What's my line?: the Kantian educational ideal.
The classic justification that tenure encourages and protects academic freedom collapses in light of prevailing conditions. If anything, enormous competition for precious few tenure-track positions has made for a Jonestown-like conformity of thought. Aspirants parlay fashionable shibboleths into a plumb post (if they’re lucky), where they can then goldbrick nigh unto dotage. A better recipe for institutional conservativism one would be hard pressed to find.
The only justification remaining for tenure is its unmatched ability to deflect away from a privileged few the downward pressure on wages which cheap and disposable adjuncts would otherwise exert on the entire profession. Taylor himself appears to recognize this in his call for tenure’s elimination:
Impose mandatory retirement and abolish tenure. Initially intended to protect academic freedom, tenure has resulted in institutions with little turnover and professors impervious to change. After all, once tenure has been granted, there is no leverage to encourage a professor to continue to develop professionally or to require him or her to assume responsibilities like administration and student advising.

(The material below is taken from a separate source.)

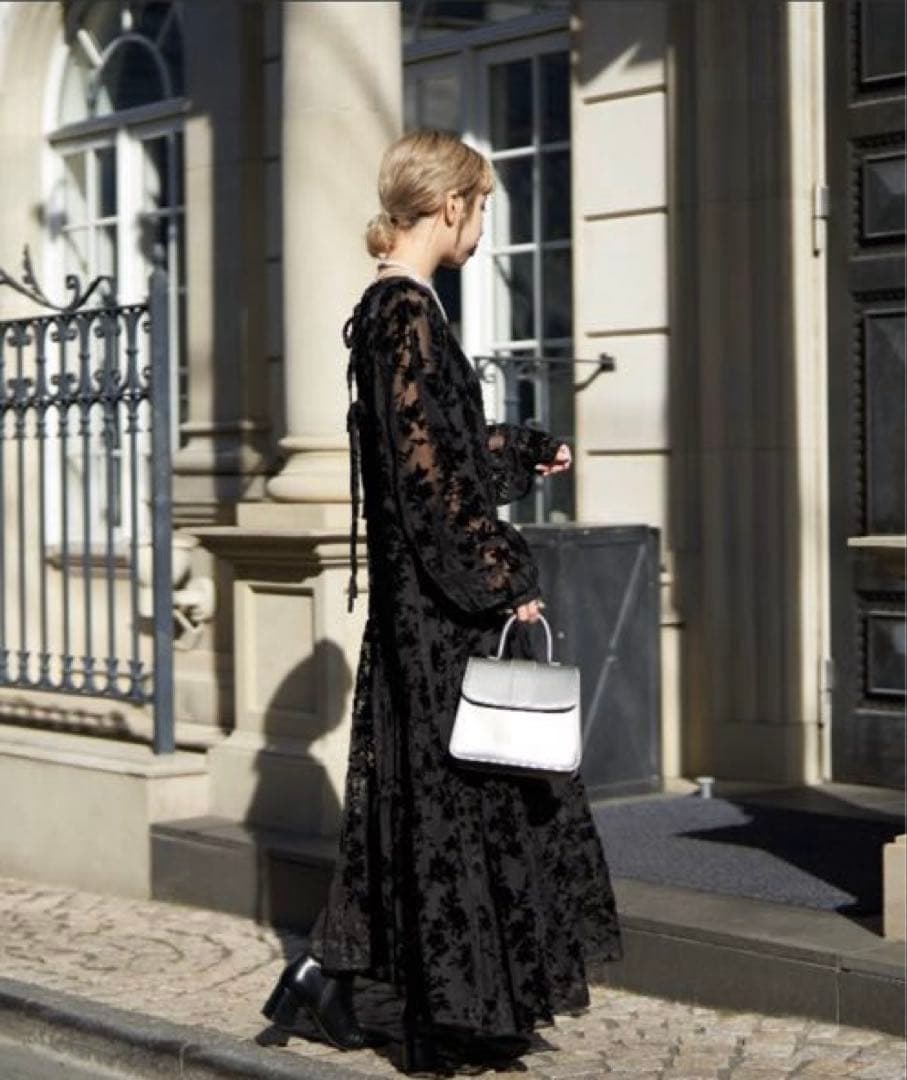 ＊週末値下中＊【チャオパニック】前後2WAY ベロアフラワーティアードワンピース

These latter duties fall instead to assistant professors keen on securing tenure, and who are thus eager to please tenure committees comprised of (you guessed it) tenured faculty members. The picture which emerges is the very antipodes of everything years of popular discourse has instructed us about new work realities in an era of globalism. Where in the corporate world one finds dislocation, in the academic world one finds ossification. Where in the corporate world one finds innovation (not always of a useful sort, it bears mentioning; consider structured investment vehicles, for example), in the academic world one finds stagnation.
Indeed nothing about the academic profession bespeaks of the cardinal corporate virtues of flexibility and mobility; aspirants either languish as instructional sharecroppers or play it close to the scholarly vest until tenure licenses them to rust in salaried repose. Along these lines, Taylor makes this recommendation:
Tenure should be replaced with seven-year contracts, which, like the programs in which faculty teach, can be terminated or renewed. This policy would enable colleges and universities to reward researchers, scholars and teachers who continue to evolve and remain productive while also making room for young people with new ideas and skills.
To see American universities goes completely down the road of corporatization fill one with regret, to be sure. But to see them go only partly down this road fills one with outrage. And only partly down this road have they gone. They thus distill in their institutions the worst tendencies of the medieval and modern eras, as some labor today just for the chance to labor tomorrow, while others labor not at all.